→ **Task to complete**
From the first line of the records down to the one that holds "EdWal Polar Bear", transcribe each line exactly and add nothing.

Data records

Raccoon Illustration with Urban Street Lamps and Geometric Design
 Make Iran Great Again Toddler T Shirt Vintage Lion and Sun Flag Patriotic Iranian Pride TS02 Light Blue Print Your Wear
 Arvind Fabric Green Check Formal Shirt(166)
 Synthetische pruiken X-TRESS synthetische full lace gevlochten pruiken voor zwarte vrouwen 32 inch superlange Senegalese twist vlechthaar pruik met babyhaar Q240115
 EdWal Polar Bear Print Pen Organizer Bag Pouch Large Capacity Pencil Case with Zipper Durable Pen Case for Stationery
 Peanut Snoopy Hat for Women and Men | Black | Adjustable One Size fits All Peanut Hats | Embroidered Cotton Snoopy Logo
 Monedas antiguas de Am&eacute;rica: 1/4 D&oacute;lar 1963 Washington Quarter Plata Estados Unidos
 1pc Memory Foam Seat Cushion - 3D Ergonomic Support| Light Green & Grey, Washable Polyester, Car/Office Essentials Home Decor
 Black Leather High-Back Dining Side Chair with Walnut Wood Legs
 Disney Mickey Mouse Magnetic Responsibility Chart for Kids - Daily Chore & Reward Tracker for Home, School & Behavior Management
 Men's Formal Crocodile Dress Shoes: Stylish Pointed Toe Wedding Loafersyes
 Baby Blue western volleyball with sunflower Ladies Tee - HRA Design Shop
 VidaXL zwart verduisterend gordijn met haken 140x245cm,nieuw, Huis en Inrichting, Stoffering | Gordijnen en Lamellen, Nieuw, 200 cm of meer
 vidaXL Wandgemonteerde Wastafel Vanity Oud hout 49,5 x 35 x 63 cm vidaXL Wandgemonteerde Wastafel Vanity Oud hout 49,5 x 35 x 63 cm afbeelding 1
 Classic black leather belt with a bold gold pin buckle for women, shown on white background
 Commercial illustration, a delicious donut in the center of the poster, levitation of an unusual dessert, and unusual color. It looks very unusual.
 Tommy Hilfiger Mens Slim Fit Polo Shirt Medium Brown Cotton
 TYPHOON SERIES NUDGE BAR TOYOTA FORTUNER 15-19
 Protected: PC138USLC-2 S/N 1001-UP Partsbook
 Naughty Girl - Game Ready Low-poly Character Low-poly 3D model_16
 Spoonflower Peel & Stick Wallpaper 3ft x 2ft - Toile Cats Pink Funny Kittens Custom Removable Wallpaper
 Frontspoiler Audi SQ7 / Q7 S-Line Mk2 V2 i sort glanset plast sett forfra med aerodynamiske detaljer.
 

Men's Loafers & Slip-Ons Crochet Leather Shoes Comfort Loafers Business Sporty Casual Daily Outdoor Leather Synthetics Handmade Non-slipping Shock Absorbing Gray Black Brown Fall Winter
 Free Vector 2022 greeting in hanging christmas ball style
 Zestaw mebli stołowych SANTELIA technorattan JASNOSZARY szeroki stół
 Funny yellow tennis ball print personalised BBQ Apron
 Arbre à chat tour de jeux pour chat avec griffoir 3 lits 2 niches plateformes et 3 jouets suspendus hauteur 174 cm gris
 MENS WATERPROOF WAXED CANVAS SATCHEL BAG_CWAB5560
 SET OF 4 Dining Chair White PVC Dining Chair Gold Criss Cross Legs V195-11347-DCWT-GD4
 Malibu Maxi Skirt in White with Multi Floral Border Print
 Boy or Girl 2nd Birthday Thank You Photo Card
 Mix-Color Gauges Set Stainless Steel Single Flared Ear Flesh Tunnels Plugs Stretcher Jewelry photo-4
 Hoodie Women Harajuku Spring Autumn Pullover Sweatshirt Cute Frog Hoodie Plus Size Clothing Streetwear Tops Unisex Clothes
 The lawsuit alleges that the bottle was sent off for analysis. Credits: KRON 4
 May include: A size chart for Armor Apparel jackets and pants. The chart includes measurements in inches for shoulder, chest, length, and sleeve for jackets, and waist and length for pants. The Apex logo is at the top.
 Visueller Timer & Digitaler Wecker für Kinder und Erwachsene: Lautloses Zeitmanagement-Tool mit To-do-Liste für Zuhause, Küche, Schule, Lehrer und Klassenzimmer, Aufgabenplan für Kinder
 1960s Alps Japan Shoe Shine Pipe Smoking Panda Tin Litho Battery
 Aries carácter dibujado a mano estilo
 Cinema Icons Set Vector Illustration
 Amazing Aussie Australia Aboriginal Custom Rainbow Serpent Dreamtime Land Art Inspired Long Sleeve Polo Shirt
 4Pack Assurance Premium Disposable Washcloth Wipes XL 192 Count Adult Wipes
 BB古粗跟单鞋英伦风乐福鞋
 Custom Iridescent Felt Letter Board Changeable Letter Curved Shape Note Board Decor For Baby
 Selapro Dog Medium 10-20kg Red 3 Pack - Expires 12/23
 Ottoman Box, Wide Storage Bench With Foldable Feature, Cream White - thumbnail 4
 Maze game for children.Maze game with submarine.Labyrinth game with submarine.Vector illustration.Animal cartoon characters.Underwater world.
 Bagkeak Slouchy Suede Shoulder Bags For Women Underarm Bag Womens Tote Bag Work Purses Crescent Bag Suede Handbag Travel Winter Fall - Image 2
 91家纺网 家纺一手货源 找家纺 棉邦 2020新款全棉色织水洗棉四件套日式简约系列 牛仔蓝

→ **Exercise response**
Raccoon Illustration with Urban Street Lamps and Geometric Design
 Make Iran Great Again Toddler T Shirt Vintage Lion and Sun Flag Patriotic Iranian Pride TS02 Light Blue Print Your Wear
 Arvind Fabric Green Check Formal Shirt(166)
 Synthetische pruiken X-TRESS synthetische full lace gevlochten pruiken voor zwarte vrouwen 32 inch superlange Senegalese twist vlechthaar pruik met babyhaar Q240115
 EdWal Polar Bear Print Pen Organizer Bag Pouch Large Capacity Pencil Case with Zipper Durable Pen Case for Stationery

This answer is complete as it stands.